17. Snow, Orhan Pamuk
There has been a rash of suicides by the “head-scarf” girls in Kars, a town in the far northeastern corner of Turkey. Ka, a poet who had been in exile in Germany for more than a decade, has returned, ostensibly as a journalist to cover the suicides, but also to court Ipek, a former classmate of his and the sister of the leader of the headscarf girls. He arrives just ahead of a snowstorm that cuts off the city and that a group of secular extremists use to stage a coup. Pamuk explores the tensions between the different elements of Turkish identity, particularly between the muslim groups, turks, and secular nationalists.

16. Coming Up For Air, George Orwell
George Bowling is heading off to get a new set of false teeth before work and is sent down memory lane. He used to be able to go fishing in peace, but the world has changed. Progress and industry have destroyed the fishing holes and rivers and even the people he knew growing up.
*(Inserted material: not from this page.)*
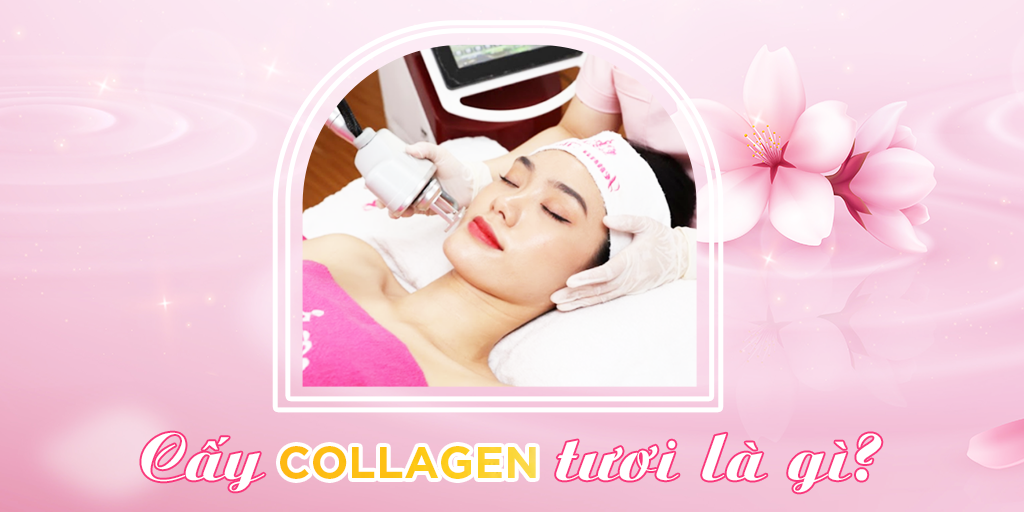 4. So sánh cấy collagen tươi với các phương pháp làm đẹp khác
15. For Whom the Bell Tolls, Ernest Hemingway (15)
Hemingway’s story about the Spanish Civil War. Robert Jordan is an American fighting against the Franco’s fascist forces and, as a demolitions expert, he has gone behind enemy lines to blow up a bridge. He has also fallen for a young Spanish woman named Maria, who he is determined to take care of

14. Lolita, Vladimir Nabokov
Once called “the only convincing love story of the century,” Lolita, is more accurately a story about obsession. Humbert Humbert knows that his attraction to his twelve year old stepdaughter Dolores is wrong, but he persists for at least five years as he keeps them on the move, trying to make a life with her.

13. Heart of Darkness, Joseph Conrad
While anchored in the Thames, Charles Marlow recalls a story of an earlier venture in the Belgian Congo when he had to steam into the interior of the country in search of Mr. Kurtz who is reported to be ill. Conrad provides vivid descriptions of the horrors of European colonialism and exploitation in Africa.

12. The Radetzky March, Joseph Roth
Young Lt. Trotta saved the life of the young Emperor Franz Joseph and the emperor elevates Trotta and protects his family, but Trotta forces his son to join government service instead of the military. By the third generation of the family, the youngest Trotta re-enters the military, just in time to serve in World War I. But the Trotta family is most notable for their mediocrity, protected from themselves by the patronage of the emperor, long since he has forgotten why he protects this family. The fate of the family, particularly that of the youngest generation, parallels the decline of Franz Joseph and of his empire.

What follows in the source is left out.